# Food in Mordor



## Rivendell_librarian (Feb 28, 2020)

I've been wondering about what the armies in Mordor did for food. The Encyclopaedia of Arda (a good source?) says that Nurn around the Sea of Nurnen was more fertile than the Plateau of Gorgoroth and was worked by slaves (cf Sparta's helots?). These slaves were released in the fourth age.

Anyone know more about these slaves - were they captured from Harad or elsewhere? How long were they held as slaves of Mordor? What kind of food did they produce?
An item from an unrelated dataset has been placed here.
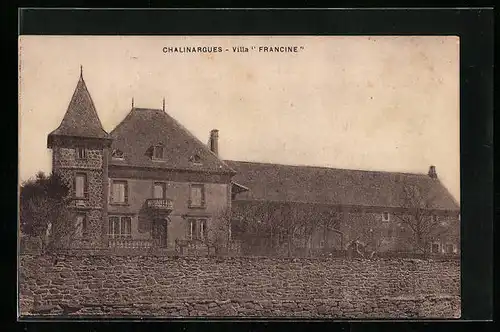 AK Chalinargues, Villa Francine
The Encyclopedia of Arda - Nurn


The lowlands of the south and east of Mordor. Beyond the range of Orodruin's fumes, Nurn was more fertile than the barren Plateau of Gorgoroth to the...




www.glyphweb.com





Bump - I'm surprised this question wasn't answered.


----------



## Phantom718 (Mar 2, 2020)

I'm not sure much is mentioned about what orcs eat - except for things like the "maggoty bread" the Uruks had in TTT (film), and occasionally eating each other (TTT/ROTK films). I tend to doubt they'd grow "normal" produce like men or elves would, but who knows. They probably had largely a scavenger kind of diet like Gollum. Just my guess. I could be wrong.


----------



## Aldarion (Mar 2, 2020)

Actually, Orcs do eat normal food - as noted in OP, we know that there are large fields worked by slaves around Sea of Nurnen. The only question is whether they are raising crops to feed orcs, or to feed animals to feed orcs. One way or another, it is clear that Mordor does, in fact, have food production.


----------



## Deleted member 12094 (Mar 3, 2020)

The origin of these slaves is nowhere to be found. They are hardly mentioned at all, except that indeed they were freed by Aragorn and could keep the lands for themselves.


----------



## Rivendell_librarian (Mar 3, 2020)

Ok thanks for that Merroe and Aldarion.

I've just found this in the ROTK:

_Frodo and Sam gazed out in mingled loathing and wonder on this hateful land. Between them and the smoking mountain, and about it north and south, all seemed ruinous and dead, a desert burned and choked. *They wondered how the Lord of this realm maintained and fed his slaves and his armies. *Yet armies he had. As far as their eyes could reach, along the skirts of the Morgai and away southward, there were camps, some of tents, some ordered like small towns. One of the largest of these was right below them. Barely a mile out into the plain it clustered like some huge nest of insects, with straight dreary streets of huts and long low drab buildings. About it the ground was busy with folk going to and fro; a wide road ran from it south-east to join the Morgul-way, and along it many lines of small black shapes were hurrying.
‘I don’t like the look of things at all,’ said Sam. ‘Pretty hopeless, I call it - *saving that where there’s such a lot of folk there must be wells or water, not to mention food. And these are Men not Orcs, or my eyes are all wrong.’
Neither he nor Frodo knew anything of the great slave-worked fields away south in this wide realm, beyond the fumes of the Mountain by the dark sad waters of Lake Núrnen; nor of the great roads that ran away east and south to tributary lands, from which the soldiers of the Tower brought long wagon-trains of goods and booty and fresh slaves*. Here in the northward regions were the mines and forges, and the musterings of long-planned war; and here the Dark Power, moving its armies like pieces on the board, was gathering them together. Its first moves, the first feelers of its strength, had been checked upon its western line, southward and northward. For the moment it withdrew them, and brought up new forces, massing them about Cirith Gorgor for an avenging stroke. And if it had also been its purpose to defend the Mountain against all approach, it could scarcely have done more.
‘Well!’ Sam went on. ‘*Whatever they have to eat and drink, we can’t get it.* There’s no way down that I can see. And we couldn’t cross all that open country crawling with enemies, even if we did get down.’_

2 hobbits contemplating a wasteland with no obvious source of food or greenery. One can almost hear Captain Scott saying: "Great God! this is an awful place"
It seems likely the slaves were brought from the south and east.


----------



## Squint-eyed Southerner (Mar 3, 2020)

I'd imagine that many of the slaves would be from populations conquered, or at least raided, by Mordor's Southron and Easterling allies. (Note: I see RL replied while I was typing, but I'll leave mine as is).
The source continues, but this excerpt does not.